Poor reconnaissance left Charles uninformed as to the size and deployment of the Swiss, and he believed that the Swiss vanguard was the entire force sent against him. The vanguard, consisting mainly of men from Schwyz, Bern, and Solothurn, realized they would soon be in battle and knelt to pray. When they said three Our Fathers and three Hail Marys, some of the Burgundian army reportedly mistook their actions as a sign of submission. In their zeal, they rode forward shouting, “You will get no mercy; you must all die.”
The Burgundian knights soon surrounded the Swiss vanguard, but then Charles made a serious mistake. After brief skirmishing, Charles ordered his cavalry to pull back so the artillery could reduce the Swiss forces before the attacks were renewed. At this time, the main body of the Swiss emerged from a forest which had hitherto obscured their approach. The Burgundian army, already pulling back, soon became confused when the second, and larger, body of Swiss troops appeared. The speed of the Swiss advance did not give the Burgundians time to make much use of their artillery and missile units. Charles attempted a double envelopment of the leading Swiss column before the other two arrived, but as his troops were caught shifting to make this attack, they caught sight of the other Swiss columns and retreated in panic. The withdrawal soon turned into a rout when the Burgundian army broke ranks and ran. For a time, Charles rode among them shouting orders for them to stop and hitting fleeing soldiers with the flat of his sword. But once started the rout was unstoppable, and Charles was forced to flee as well.

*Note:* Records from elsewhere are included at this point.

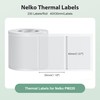 Thermal Labels for Nelko PM220 Label Maker, 1.57'' x 1.18''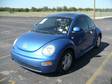 2000 BLU Volkswagen New Beetle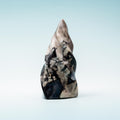Volcanic Agate Flame - 285g/11.5cm (F)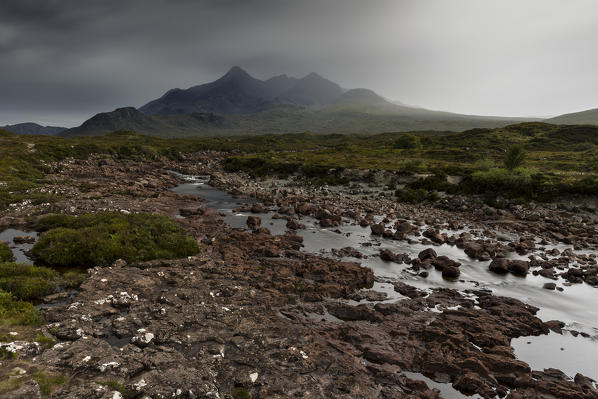Sgurr nan Gillean, isle of Skye, Inner hebrides, Scotland, Europe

Few casualties were suffered on either side: the Swiss did not have the cavalry necessary to chase the Burgundians far. At insignificant cost to themselves, the Swiss had humiliated the greatest duke in Europe, defeated one of the most feared armies, and taken a most impressive amount of treasure. Charles had the habit of travelling to battles with an array of priceless artifacts as talismans, from carpets belonging to Alexander the Great, to the 55-carat Sancy diamond, and the Three Brothers jewel. All these were looted from his tent by the confederate army, together with his silver bath and ducal seal. The Swiss initially had little idea of the value of their loot. A small surviving part of this fantastic booty is on display in various Swiss museums today, while a few remaining artillery pieces can be seen in the museum of La Neuveville, near Neuchâtel, Switzerland.